MSCs have been isolated from several types of animals such as mouse, rat, rabbit, pig dog, goat, and man [15], [16]. They exist in almost all tissues and can be easily obtained from the bone marrow, adipose tissue, and other tissues [17], [18]. MSCs are known to secrete growth factors and cytokines that have autocrine and paracrine activities. MSCs produce VEGF, SCF-1, LIF, G-CSF, IL-1, -6, -7, -8, -11, -14, and -15, and other growth factors and cytokines [19], [20], [21]. The expression of these factors may be modulated through interactions with other cell types [22], [23]. MSC homing to sites of dermal injury has been observed, particularly at the site of tail clipping wounds in animal models [24], [25]. MSCs were detected in the dermis and dermal appendages of sheep and had fibroblastic features, indicating possible participation in wound regeneration [25]. Therefore, MSC treatment is expected as a possible therapy for enhancement of the regenerative dermal wound microenvironment by cell therapy [26].

We tried to mark a part of MSCs of pigs with 0.25% DiI (Molecular Probes, Inc., Eugene, OR) before injection, but we couldn't detect the cells among harvested tissue. There are two possibilities to explain this result. One is that the fluorescent dye; DiI was disappeared 28 days after injection. The second is that transplanted MSCs didn't survive, which might mean that MSCs enhance wound healing by a paracrine effect. Likewise, Chen et al. have demonstrated that MSCs can promote the proliferation, migration, and collagen secretion of fibroblasts through a paracrine mechanism [27]. Other recent studies have also demonstrated that stem cell transplantation therapy promotes wound healing mainly through in a paracrine manner [28], [29], [30].

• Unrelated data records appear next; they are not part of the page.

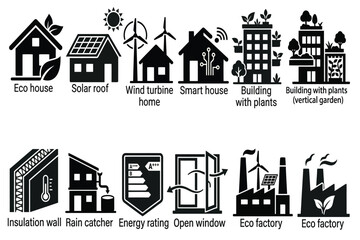 Fototapeta premium sustainable eco-friendly home and building concepts flat design vector illustration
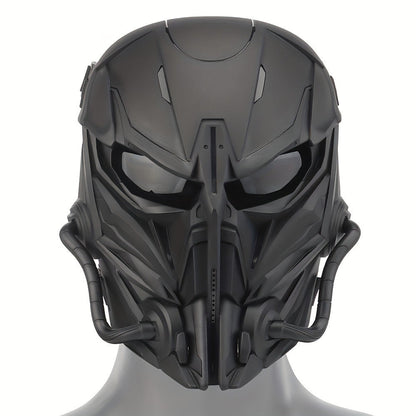 Cyberpunk Full Face Mask Breathable Anti-Fog Nylon Silver – Complete Face Covering for Halloween Carnival Rave LARP Cosplay, Sci-Fi Costume Helmet Prop, 9x8in Unisex Adults Teens
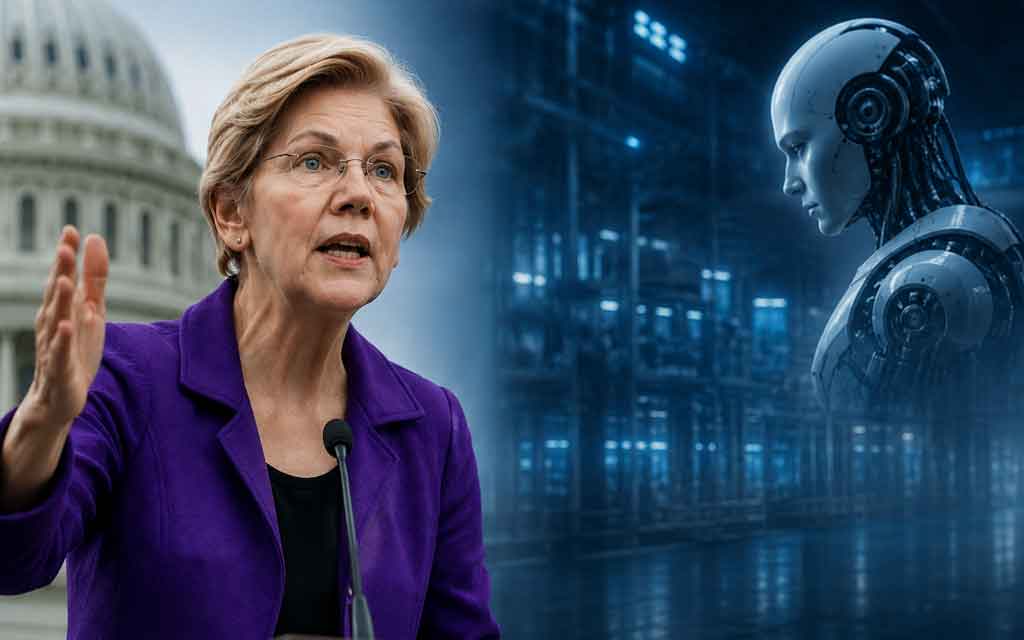 Senator Elizabeth Warren speaking about AI regulations, wealth inequality, and the future of work in the United States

The biological response to wounds is divided into two categories: regeneration and wound repair [6]. Regeneration involves the gross replacement and restoration of adult tissue mass with normal architecture and function. Generally, it has been observed that the capacity for tissue regeneration in mammals is limited. Wound repair involves the migration of fibroblasts, formation of granulation tissue, and the deposition of collagen in a disorganized fashion, with the formation of scar tissue. Appendages rarely return and normal architecture and function are not fully restored. During the process of wound repair, the formation of granulation tissues provides a scaffold for the assembly of neighboring cells at wound margins, contributing to wound closure. Fibroblasts are the major cell type found in granulation tissue. They are present in the dermis and proliferate rapidly and migrate to wound sites where they can secrete Type I and III collagens and elastin, which are the central components of the extracellular matrix [28], [29]. MSCs are able to promote the proliferation and activity of fibroblasts [27].

In the present study, at 28 days post-surgery, wounds transplanted with bone marrow-derived MSCs healed with very fine scars, and collagen architectures were thick and similar to normal dermis. Elastic fibers developed, and appearance of fibroblast was similar to normal skin. This process appears to be similar to skin regeneration.

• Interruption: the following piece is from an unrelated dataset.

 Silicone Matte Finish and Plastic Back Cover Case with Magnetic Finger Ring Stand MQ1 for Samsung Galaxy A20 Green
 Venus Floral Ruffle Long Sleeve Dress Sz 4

It is important to note that there are limitations to the clinical application of MSCs in humans. The procedures involved in harvesting MSCs from adult tissues are invasive, the proliferation and differentiation capacities of MSCs are limited after several passages in culture, and it takes a great deal of time to generate enough MSCs for treatment.

5. Conclusions

In this study, wounds transplanted with MSCs healed with less scarring as determined macroscopically, and the dermal structure appeared as normal skin microscopically. We predict that MSC transplantation can contribute to skin regeneration in acute cutaneous wounds of pigs. Further research may show similar effects in human post-surgical wounds.